(PROBLEM DETAILS) Search the records for the word "blue" and copy each line in which it appears.

(Stored records)

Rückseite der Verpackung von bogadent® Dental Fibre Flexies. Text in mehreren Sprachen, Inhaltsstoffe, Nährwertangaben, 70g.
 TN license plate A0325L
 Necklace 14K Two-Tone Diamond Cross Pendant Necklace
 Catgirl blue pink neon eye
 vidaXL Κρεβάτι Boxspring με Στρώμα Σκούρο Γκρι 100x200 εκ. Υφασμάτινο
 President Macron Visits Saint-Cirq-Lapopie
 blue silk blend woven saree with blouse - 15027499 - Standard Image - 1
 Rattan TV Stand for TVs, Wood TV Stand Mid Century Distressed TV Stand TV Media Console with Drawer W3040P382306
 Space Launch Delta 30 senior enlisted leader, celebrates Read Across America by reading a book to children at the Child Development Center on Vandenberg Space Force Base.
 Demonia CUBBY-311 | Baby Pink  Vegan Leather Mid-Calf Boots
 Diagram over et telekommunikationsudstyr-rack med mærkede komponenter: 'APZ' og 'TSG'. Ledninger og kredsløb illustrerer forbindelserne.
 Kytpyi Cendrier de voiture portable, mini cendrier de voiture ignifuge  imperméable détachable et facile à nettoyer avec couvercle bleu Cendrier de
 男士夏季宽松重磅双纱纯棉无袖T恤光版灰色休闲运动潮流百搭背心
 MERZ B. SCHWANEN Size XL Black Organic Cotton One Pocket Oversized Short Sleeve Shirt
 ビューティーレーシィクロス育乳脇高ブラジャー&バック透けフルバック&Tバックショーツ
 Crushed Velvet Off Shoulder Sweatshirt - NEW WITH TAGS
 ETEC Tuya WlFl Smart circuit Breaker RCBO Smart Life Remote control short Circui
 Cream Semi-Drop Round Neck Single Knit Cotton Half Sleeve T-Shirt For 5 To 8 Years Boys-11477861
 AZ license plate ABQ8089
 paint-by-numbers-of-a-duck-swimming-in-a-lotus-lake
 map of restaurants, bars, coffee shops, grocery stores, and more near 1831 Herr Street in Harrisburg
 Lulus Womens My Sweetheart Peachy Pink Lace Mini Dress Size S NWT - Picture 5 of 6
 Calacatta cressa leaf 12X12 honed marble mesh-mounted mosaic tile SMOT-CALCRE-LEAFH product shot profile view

(WORKED SOLUTION)
 Catgirl blue pink neon eye
 blue silk blend woven saree with blouse - 15027499 - Standard Image - 1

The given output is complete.